**Description of the task**
Each entry has to be copied exactly, with nothing missed.

+++

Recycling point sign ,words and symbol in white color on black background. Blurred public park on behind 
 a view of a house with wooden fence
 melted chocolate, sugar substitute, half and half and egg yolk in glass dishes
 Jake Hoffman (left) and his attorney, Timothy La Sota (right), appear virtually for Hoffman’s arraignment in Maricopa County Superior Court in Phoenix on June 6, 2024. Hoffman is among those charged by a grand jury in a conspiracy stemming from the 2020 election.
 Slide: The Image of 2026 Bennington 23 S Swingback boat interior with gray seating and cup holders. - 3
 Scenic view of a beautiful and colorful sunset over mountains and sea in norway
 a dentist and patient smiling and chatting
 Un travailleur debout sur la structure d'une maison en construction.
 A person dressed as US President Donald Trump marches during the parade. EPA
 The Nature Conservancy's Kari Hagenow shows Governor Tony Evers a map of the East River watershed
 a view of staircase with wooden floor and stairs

+++

**Solution to this problem**
Recycling point sign ,words and symbol in white color on black background. Blurred public park on behind 
 a view of a house with wooden fence
 melted chocolate, sugar substitute, half and half and egg yolk in glass dishes
 Jake Hoffman (left) and his attorney, Timothy La Sota (right), appear virtually for Hoffman’s arraignment in Maricopa County Superior Court in Phoenix on June 6, 2024. Hoffman is among those charged by a grand jury in a conspiracy stemming from the 2020 election.
 Slide: The Image of 2026 Bennington 23 S Swingback boat interior with gray seating and cup holders. - 3
 Scenic view of a beautiful and colorful sunset over mountains and sea in norway
 a dentist and patient smiling and chatting
 Un travailleur debout sur la structure d'une maison en construction.
 A person dressed as US President Donald Trump marches during the parade. EPA
 The Nature Conservancy's Kari Hagenow shows Governor Tony Evers a map of the East River watershed
 a view of staircase with wooden floor and stairs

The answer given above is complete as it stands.